In the aptly titled film ‘102 Not Out’ which is on display these days in cinemas, the centenarian character played by Amitabh Bachchan’s has a major grouse against his grandson who seems to love his ancestral property more than his own father, played by Rishi Kapoor. Both Bachchan and Kapoor are in top form despite their advancing years and portray their roles superbly. But what comes out more than anything else in this slow but meaningful film is the complexity of growing old, especially when the progeny have a property fixation.
In my stint as Deputy Commissioner, Panchkula and earlier as Sub Divisional Magistrate in various places, I found numerous cases of families disintegrating due to this unseemly desire for landed property. Perfectly humane people tend to become leeches of sorts when there’s a chance of grabbing hold of a family home or some such premises. In several cases, parents of well to do, highly educated, well respected and successful sons and daughters have been treated shamefully by them, across our land in recent decades. And painfully, the trend has grown instead of abating with time.
It is an unfortunate truth that although this crazed obsession for property is prevalent throughout the world, it is nowhere more apparent than in North India. We have somehow lost it when it comes to treating the elderly with the respect that they deserve. And in a majority of such instances, it is family property which is the cause of the conflict.
In my own circle I have seen close friends go through anxiety and even trauma at the behavior of siblings who have shed their familial affections in their lust for money and possessions. The old TV advertisement wherein a dying father is made to add an extra zero to the sum of money he plans to bequeath to his son, was a stark reminder that all is not well with us. It is another matter that a drop of rain fell on the lone digit ‘1’ which was inscribed on a sheet of paper by the departing soul, thereby annihilating it, thus leaving the row of zeros staring at his weeping and greedy son.
Perhaps much more than is being done, needs to be done, to create awareness in society about this terrible behavior of people who should know better.

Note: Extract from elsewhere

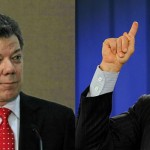 Juan Manuel Santos (L) and Alvaro Uribe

Where are our human values and what happened to all the years of love and toil that our parents gave us while we were growing up? The anguish that the elderly feel when the apples of their eyes turn sour is excruciating and totally avoidable. Cathryn Louis said, ‘Greed, in the end, fails even the greedy!’ Where is all this property going with us, anyway? The old fable about ‘How much land does a man need?’ is still fresh in mind. It is ultimately that little bit of soil which we all need at the end of life.
Another aspect of this phenomenon is the longevity of the human race. The character played by Rishi Kapoor in ‘102 Not Out’ actually taunts his dad, the towering but stooping figure played by Mr Bachchan, for not ‘dying on time!’
While the film is sensitive and yet humorous in its approach to the subject of the sunset years, it is a fact that longevity has necessitated longer term relationships with the oldest generation than was possible earlier. Those who understand and appreciate the love and blessings which flow from their parents, grandparents
and even great-grandparents, find life to be sheltered and fulfilling. But those who are impatient or even callous towards their elderly relatives will find no peace of mind at all. The falling out of mature siblings often occurs due to
their reluctance in looking after the grandpas and grandmas of the family.
Having said all that, and having expressed the need for greater awareness and sensitivity towards the elderly, let me also add that there are many examples of nonagenarians and octogenarians who are in fine fettle, in the pink of health, and are obviously loved and cared for to the hilt. More power to those who care for the real ‘property’ that they possess- the old and aged members of their families.